Miles Gregory
Founder of the Pop-up Globe theatre.
Dr Miles Gregory took a Shakespearean dream inspired by his daughter and turned it into a modern-day New Zealand success story.
The Auckland artistic director is the founder and visionary behind the world’s first Pop-up Globe theatre, recreating a full-scale working replica of 1614 London’s famous venue. Since it opened in 2016, more than 450,000 people have seen his productions over four memorable seasons.
What drove his venture beyond commercial success – inspiring and leading a succession of casts and changing the landscape of theatre in this country – were equal measures of authenticity and integrity.
Those qualities led him to painstakingly research Shakespeare’s second Globe theatre, delving into history to get the required attention to detail.
They enabled him to recruit and assemble a team of people to see his vision through, working with business partner and old school mate Tobias Grant, and consisting of an army of actors, directors, scaffolders, artists, caterers, ushers and designers. And personal authenticity and integrity helped him stay true to his dream right through the 15 months it took to bring it to reality, from the most innocent of beginnings.
“I was reading Nancy, my daughter, a bedtime story,” Gregory explains. “It was a picture pop-up book and one of the pop-ups was the Globe theatre. Nancy asked whether we could go there. I said, ‘we can’t. The nearest Globe replica is a long way away…’ Then I stopped and thought…. a Pop-up Globe… And now here we are!”

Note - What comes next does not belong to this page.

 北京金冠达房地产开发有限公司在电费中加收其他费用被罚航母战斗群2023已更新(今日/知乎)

Gregory’s leadership is described as empowering, promoting and earning trust and communicating clearly. He celebrates achievement and continually tries to raise the bar, lifting his own performance as a way to bring others with him.
His own love affair with the world’s most famous playwright began as a 14-year-old at Auckland’s King’s College, editing a scene from Romeo and Juliet.

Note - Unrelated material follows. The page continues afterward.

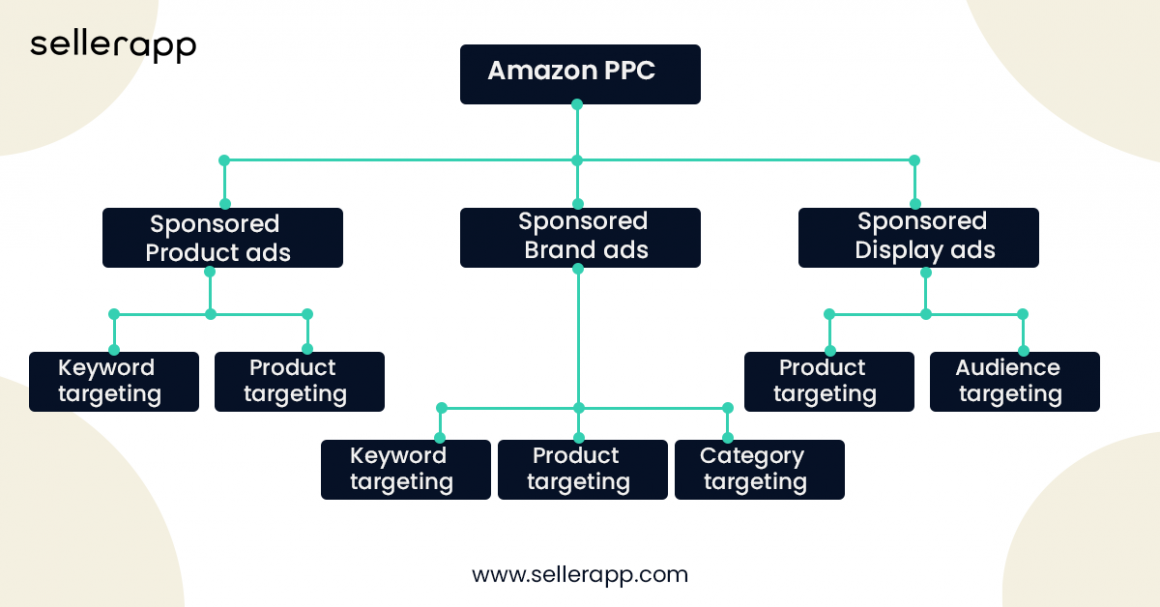 Marketing Strategies for Amazon New Product Launches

The only child of Auckland fashion designer Trish Gregory and her husband, James, Gregory excelled in English at secondary school, then at 17 left for England, where he studied history at Durham University.
He went on to make his London debut as a theatre director at the age of 23, directing Hamlet and Twelfth Night at the Westminster Theatre in London’s West End, collecting a Master of Fine Arts in Staging Shakespeare from Exeter University, and a PhD in Shakespeare in Performance from Bristol University before, enjoying stints as an artistic director, producer and chief executive at various festivals, touring companies and theatres, along the way directing more than 20 professional productions, mainly of Shakespeare, in the United Kingdom.

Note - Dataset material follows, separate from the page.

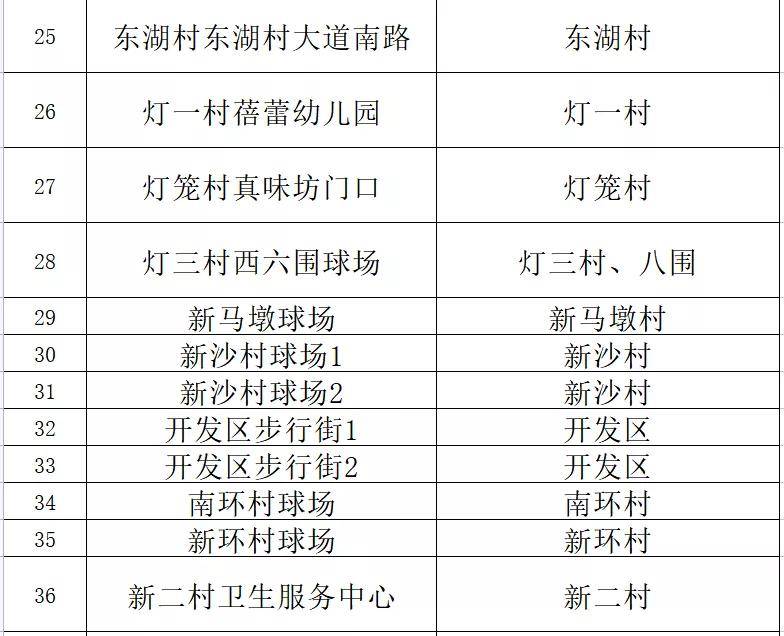 新澳门今晚精准一肖,定性解析评估_OP77.457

“I was going to be a lawyer, but I fell in with the wrong crowd and they all liked theatre,” he quips.
When he and wife Barbara returned to New Zealand in 2012 with their children, he set himself up as a lecturer and consultant in the arts.
When his initial team started their Globe project, they worked from a small studio off Queen street with nothing but running water and a few trestle tables. The team of two then turned into a team of nearly 50 within two months, with the first Pop-up Globe opening in Auckland’s CBD in February 2016, just in time for the 400th Anniversary of Shakespeare’s death. Two years on and Pop-up Globe is now one of the biggest and most successful theatrical ventures in Australasia, employing hundreds of actors and support staff across its seasons in New Zealand and abroad.
The design integrity of the Pop-up Globe, based closely on research conducted by Sydney University, enables them to present Shakespeare as it was intended, with the audience fully immersed in the Jacobean-period experience.
“My favourite moments happen after every show. It’s the noise from the audience after the actors leave the stage and the applause dies down: a loud, excited buzz of people who are talking nineteen to the dozen to their friends about what they’ve seen. And that buzz is probably the greatest tonic you can have running a theatre because it’s the sound of people who’ve had a great time.
“There’s a line in Twelfth Night that the character Feste sings in the epilogue to the play, where he says, “we’ll strive to please you every day”. And that is what we do. We strive to please our audience every day.